### [Required action]
Each line from the one containing "Wall Mounted Remote" to the end of the data must be copied exactly, the first and last included; no other lines and no pictures belong in the copy.

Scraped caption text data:
"""

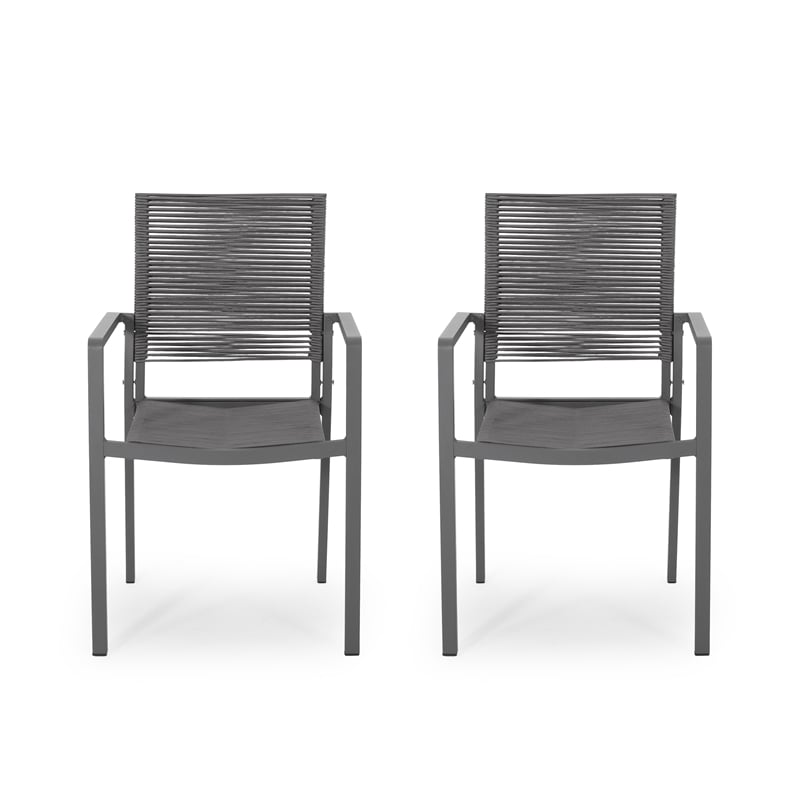 Teny Outdoor Dining Chair Set of 2- Open Back- Woven Rope- Dark Gray Metal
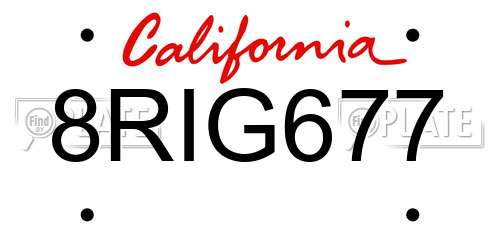 8RIG677 California License Plate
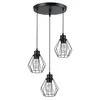 A black, three-light pendant lamp with a wire cage design. Náhled obrázku produktu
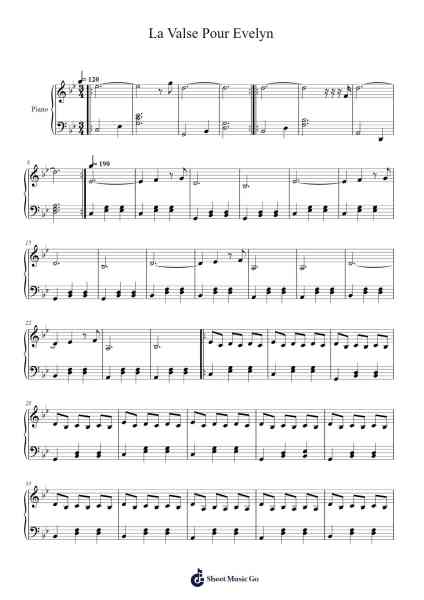 La Valse Pour Evelyn Sheet Music by Leo Lopez-Arr.Fowter Brookecooke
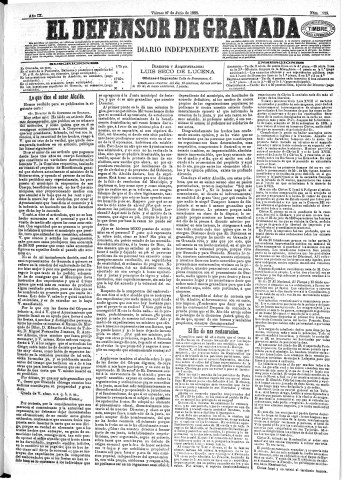 'El Defensor de Granada  : diario político independiente' - Año IX Número 2929  - 1888 Julio 27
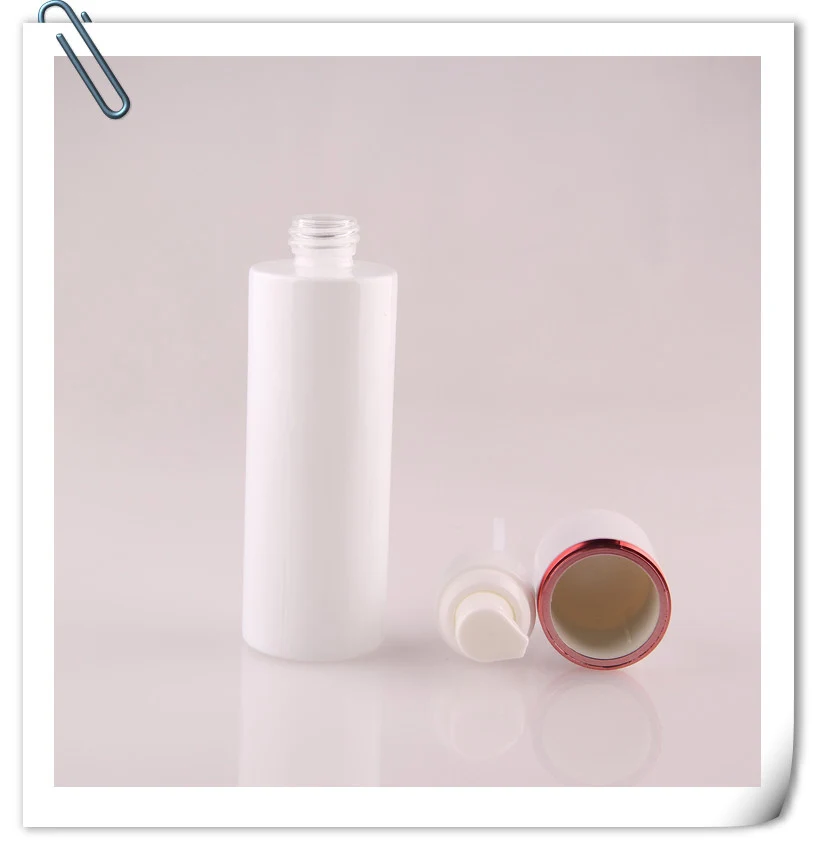 80ml pearl white glass bottle  with press pump bottle  white lid red line lotion emulsion foundation bottle ,glass lotion bottle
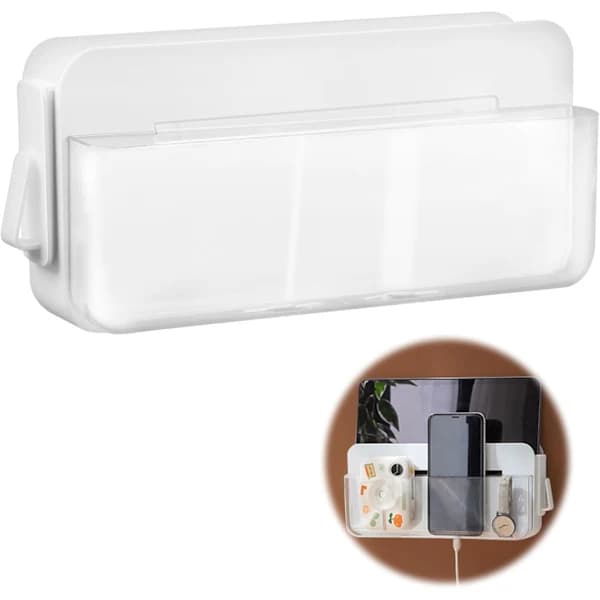 Wall Mounted Remote Control Storage Box - Multifunctional Wall Mounted Organizer Compatible with Charging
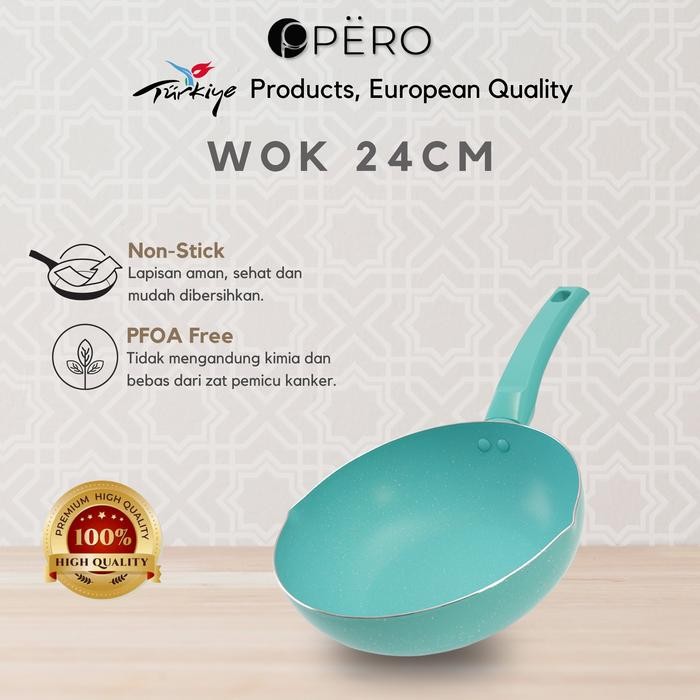 Pero Wajan Wok Pan Granite 24cm Anti Lengket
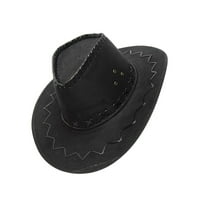 Dječja vintage široka podložna kapa za pograde Western Cowboy Hat Boys Girls Jazz Cap Proljeće Ljetni šešir - crni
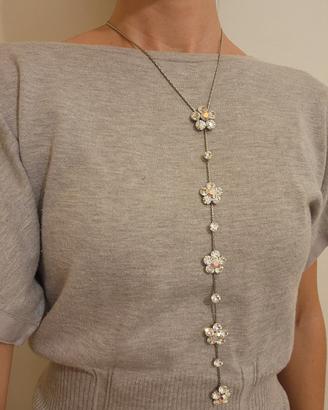 Collana lunga con fiori in cristallo strass AB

"""

### [Reply]
 Wall Mounted Remote Control Storage Box - Multifunctional Wall Mounted Organizer Compatible with Charging
 Pero Wajan Wok Pan Granite 24cm Anti Lengket
 Dječja vintage široka podložna kapa za pograde Western Cowboy Hat Boys Girls Jazz Cap Proljeće Ljetni šešir - crni
 Collana lunga con fiori in cristallo strass AB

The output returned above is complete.